Третьего ноября, когда Эрнест еще долечивался, было заключено перемирие между Италией и Австрией. В этот день он познакомился с Эриком Дорман-Смитом, молодым ирландцем, — тот начал войну лейтенантом, был ранен, награжден Военным крестом, дослужился до майора; их дружба продлится много лет. Эрнеста посещал в госпитале Джеймс Гэмбл, его бывший командир, сделавший юноше довольно странное предложение — остаться в Европе как минимум на год и жить за его счет. Гэмбл был богатым человеком — не из «Проктер энд Гэмбл», как ошибочно утверждают биографы, а из семьи лесопромышленника, — окончил Йельский университет, был художником-любителем, владел виллой в Таормине, на Сицилии; он был на 17 лет старше Хемингуэя. Родителям Эрнест писал о Гэмбле как об «отличном товарище». Но Агнес эта дружба не нравилась. Она вернулась в Милан 11 ноября и, как рассказывала впоследствии, решила сделать все, чтоб оторвать Эрнеста от Гэмбла — даже согласиться на брак. Они провели вместе девять дней, потом Агнес снова уехала, но в письмах продолжала отговаривать от неподобающей, по ее мнению, дружбы. Почему?

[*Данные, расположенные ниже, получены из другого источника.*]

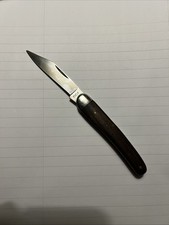 Coltello Lorenzi Limited Edition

Биографам Хемингуэя она говорила: «Я считала, что если Эрнест согласится жить с кем бы то ни было за его счет, он навсегда останется приживалом, из него ничего путного не выйдет». Но из писем явствует, что ее беспокоило не только это. «Когда я была вдвоем с Джесси (медсестрой из госпиталя. — М. Ч.), мне хотелось делать самые ужасные вещи — только бы не ехать домой, — и когда вы бываете с капитаном Гэмблом, вы чувствуете то же. Но я думаю, мы оба переменим свои намерения и вернемся в старые добрые Штаты, чтобы жить нормальной жизнью». Почти никто из биографов не сомневается, что интерес Гэмбла к мальчишке был сексуальный, другой вопрос, понимал ли это Эрнест. (Их сохранившаяся переписка ничего подозрительного не обнаруживает.) Агнес рассказывала, что многие мужчины интересовались Хемингуэем: в госпитале к нему повадился ходить пожилой англичанин Энглфилд, носил подарки; матери Эрнест писал о нем как о «человеке с прекрасными манерами и громким именем», ту же формулировку повторил в «Празднике», прибавив: «А затем в один прекрасный день я был вынужден попросить сестру больше никогда не пускать этого человека в мою палату». В одном из писем 1953 года выразился еще более откровенно. О Гэмбле он никогда не писал ничего подобного, во всяком случае, по имени его не называл.